* _WHAT TO PRODUCE_:
Transcribe the listing below only from the line with "Kapra Keçi̇ Sütlü" up to and including the line with "Generic Ice Fishing".
○ ○ ○ ○ ○ ○ ○
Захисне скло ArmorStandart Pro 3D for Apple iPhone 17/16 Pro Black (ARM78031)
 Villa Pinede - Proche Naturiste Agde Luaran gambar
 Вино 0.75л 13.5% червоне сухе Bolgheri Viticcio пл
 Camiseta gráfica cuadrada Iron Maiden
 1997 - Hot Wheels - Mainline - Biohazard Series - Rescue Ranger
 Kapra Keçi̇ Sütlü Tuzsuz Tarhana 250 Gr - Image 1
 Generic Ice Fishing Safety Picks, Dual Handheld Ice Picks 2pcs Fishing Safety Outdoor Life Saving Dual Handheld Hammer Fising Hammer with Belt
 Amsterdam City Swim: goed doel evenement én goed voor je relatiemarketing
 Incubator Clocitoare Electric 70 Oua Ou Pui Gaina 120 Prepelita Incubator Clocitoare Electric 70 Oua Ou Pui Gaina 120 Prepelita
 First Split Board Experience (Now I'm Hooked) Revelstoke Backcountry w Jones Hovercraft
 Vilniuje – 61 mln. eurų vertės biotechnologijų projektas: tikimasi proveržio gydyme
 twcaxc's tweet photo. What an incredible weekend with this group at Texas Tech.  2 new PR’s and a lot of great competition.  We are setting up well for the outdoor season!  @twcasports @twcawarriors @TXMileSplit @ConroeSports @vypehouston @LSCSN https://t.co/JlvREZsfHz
○ ○ ○ ○ ○ ○ ○
* _ANSWER TO THIS PROBLEM_:
 Kapra Keçi̇ Sütlü Tuzsuz Tarhana 250 Gr - Image 1
 Generic Ice Fishing Safety Picks, Dual Handheld Ice Picks 2pcs Fishing Safety Outdoor Life Saving Dual Handheld Hammer Fising Hammer with Belt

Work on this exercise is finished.